The World That Books Made
In the beginning were the words. It was only when we started writing them down that things really got interesting. From Hammurabi's code to the Hebrew scriptures to Plato's dialogues to a list of objections tacked to the door of an obscure German professor, the written word didn't just chronicle the churn of civilization. In large part, it invented the modern world by giving it shape and meaning.
The humble book has sustained religions and started revolutions personal and political. As Joe Queenan observed in his masterful memoir Closing Time, "Books are without question the wealth of the poor's children. Books are a guiding light out of the underworld, a secret passageway, an escape hatch. To the affluent, books are ornaments. To the poor, books are siege weapons."
Thus, RealClearBooks. This site will be about books: their history, manufacture, sale, future, and revolutionary potential. It will cover a host of related issues, including literacy, copyright, and censorship. It will also, inevitably, be about my lifelong love affair with books.
To say that I grew up in a bookish household is an absurd understatement. You might as well say it sometimes rains in Seattle. Books could be found in every room of our home, including the head and the laundry. The Lotts made frequent trips to the library and bookstores. We made room for more books by selling old ones and the practice snowballed. One way I paid for college was buying and selling old books.

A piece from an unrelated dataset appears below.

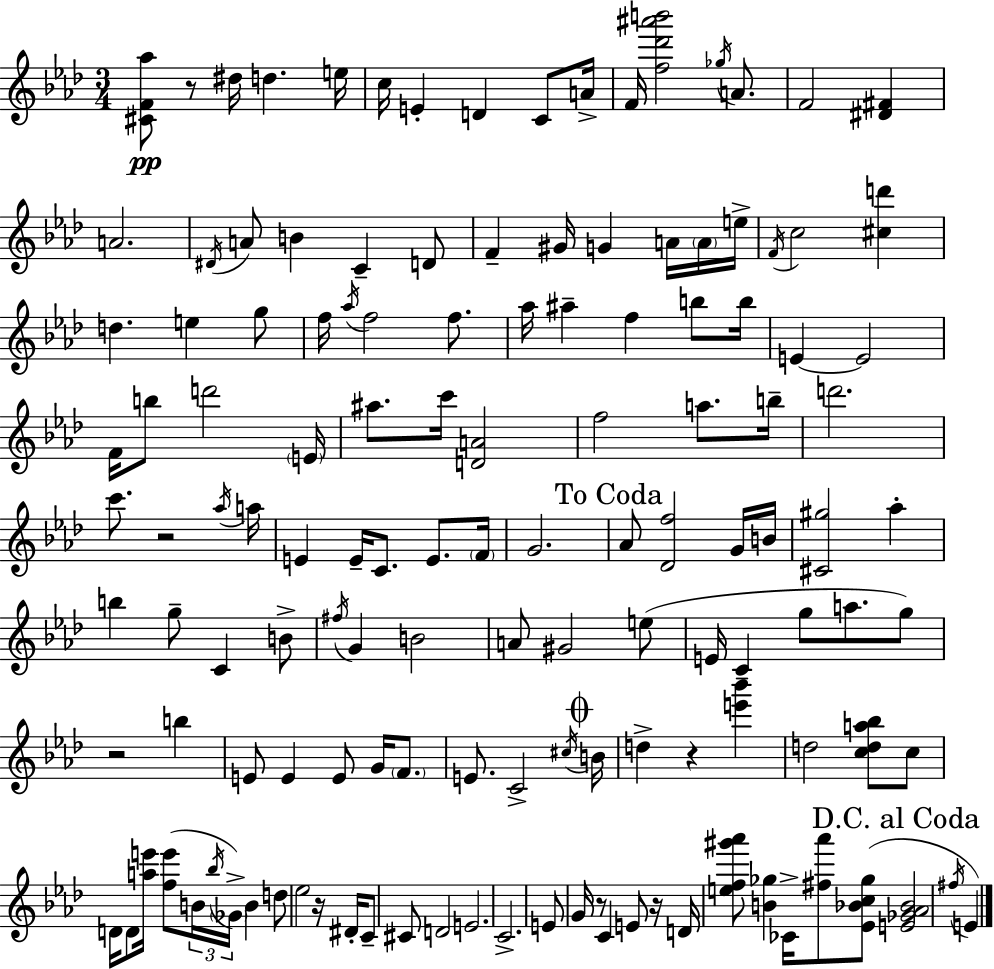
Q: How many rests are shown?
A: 7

Most of my adventures in the word trade have been short-form journalism, but the most enjoyable work by far has had to do with books. I've written a few books, contributed to others, edited maybe a dozen volumes, and reviewed a few hundred titles -- including novels, histories, pop-econ texts, comics, how-to guides, and one book on jet packs. That's right, jet packs.
I did not review those books, and read thousands more, for the money or the prestige. I did so because books take you places very far away from yourself and return you changed for the journey. And so I launch this site with a promise to readers of every stripe and creed: We will never lose sight of the fact that we are living in the world that books made.